__Task requirements__
Copy nothing but the lines below, from the one with "Cover of: The trackman's helper" through the one with "Lot 790 - Eidai", exactly as written; no pictures should appear.

##### Information given #####

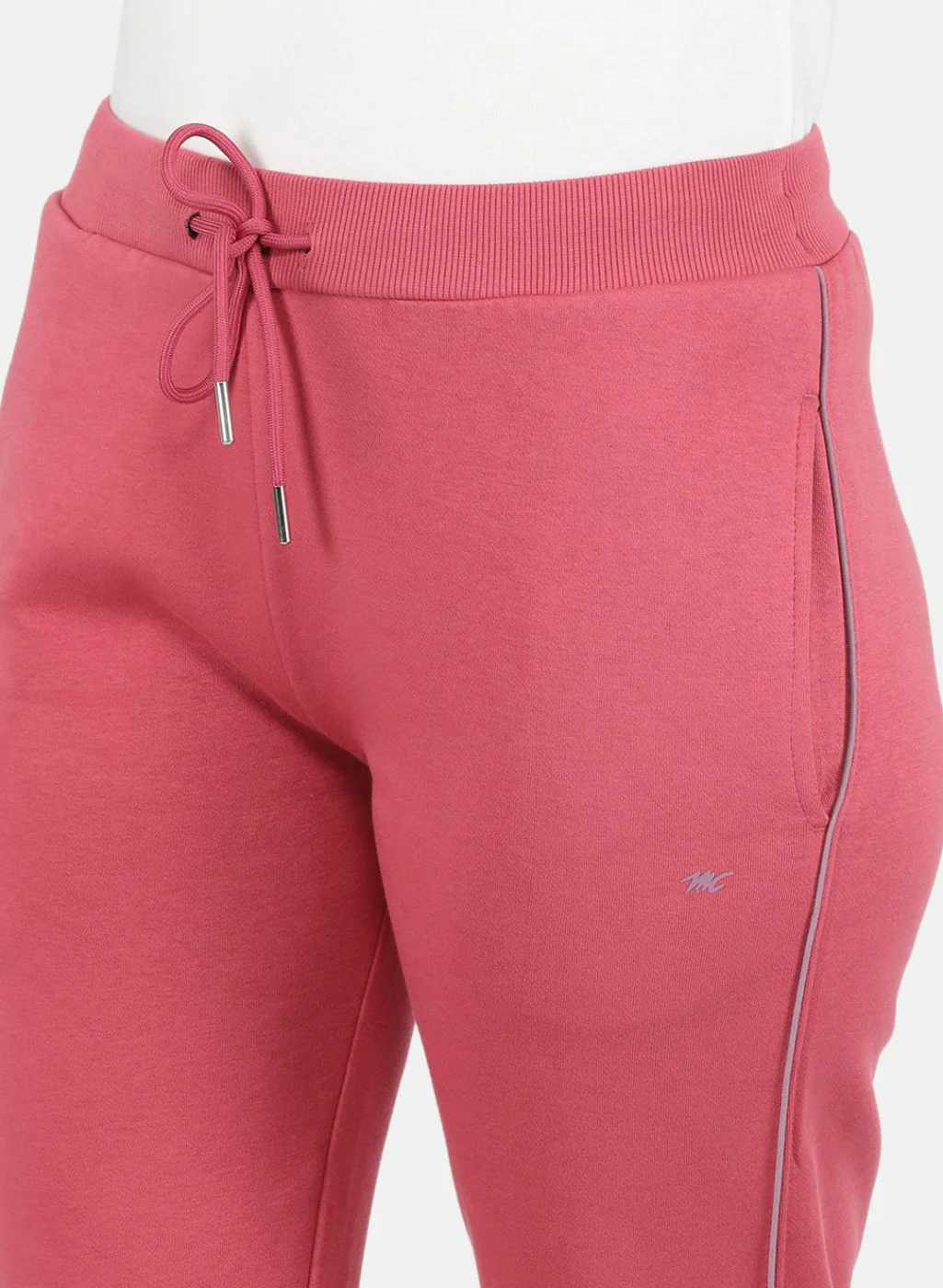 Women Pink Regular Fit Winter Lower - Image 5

#####
##### Information given #####

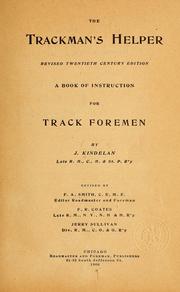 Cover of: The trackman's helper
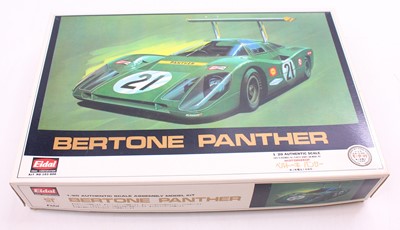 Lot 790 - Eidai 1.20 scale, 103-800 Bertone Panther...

#####

__Output below__
 Cover of: The trackman's helper
 Lot 790 - Eidai 1.20 scale, 103-800 Bertone Panther...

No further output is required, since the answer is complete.